Legacy work systems weren’t built for Human+AI collaboration. AI is
now a teammate, not just a tool, and workers are starting to bond
with AI more than with each other. Yet, most organizations are
optimizing for output over connection, compounding burnout and
talent loss, and risking performance over the long-run.
90% of workers see AI as a coworker.
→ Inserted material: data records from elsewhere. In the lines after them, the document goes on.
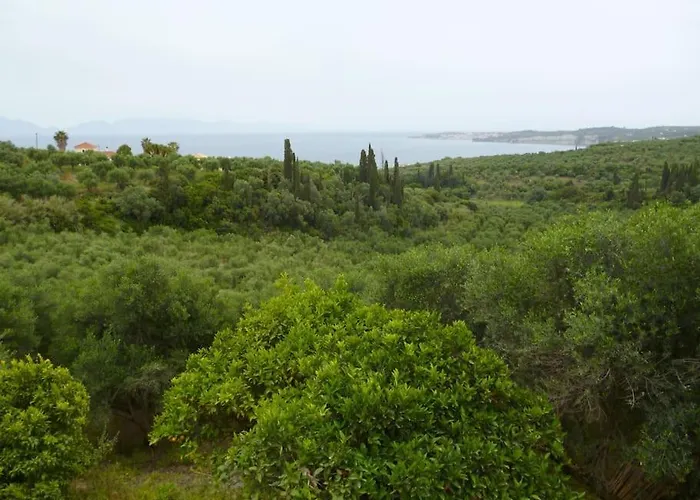 ανεμώνη - Anemoni * Koróni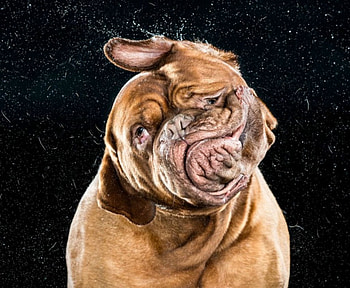 Shake dog, dog, fun, cool, pet, dougue HD wallpaper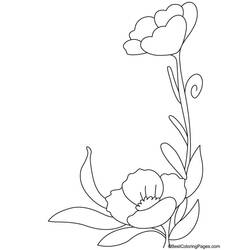 Coloring page: Poppy (Nature) #162497 - Free Printable Coloring Pages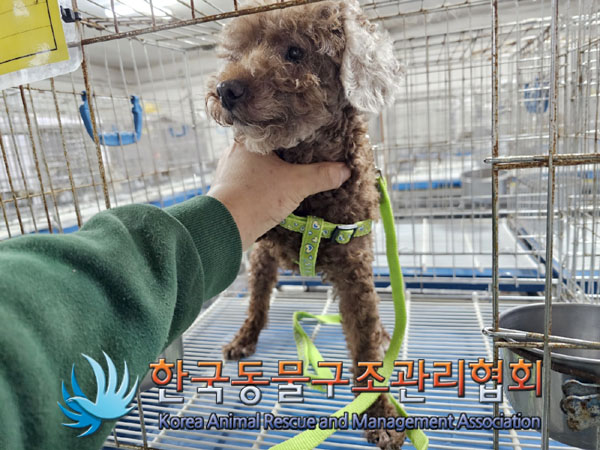 한국동물구조관리협회_411309202300148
Among top AI performers,
67% trust AI more than colleagues, and 64% say they have a
better relationship with AI than with their teammates.
Freelancers are modeling a more sustainable human + AI future.
Freelancers are just as productive with AI, but more in control, more
resilient, and more focused on leveraging AI for their own personal
growth and development.
88% of freelancers say AI has positively impacted their careers,
enabling greater specialization and upskilling.
The opportunity: Redesign work for the age of AI. As AI becomes a
“coworker,” organizations need to think beyond simply deploying AI,
and instead reimagine work for human-centered, AI-empowered
talent, teams, and workflows that unlock sustainable performance.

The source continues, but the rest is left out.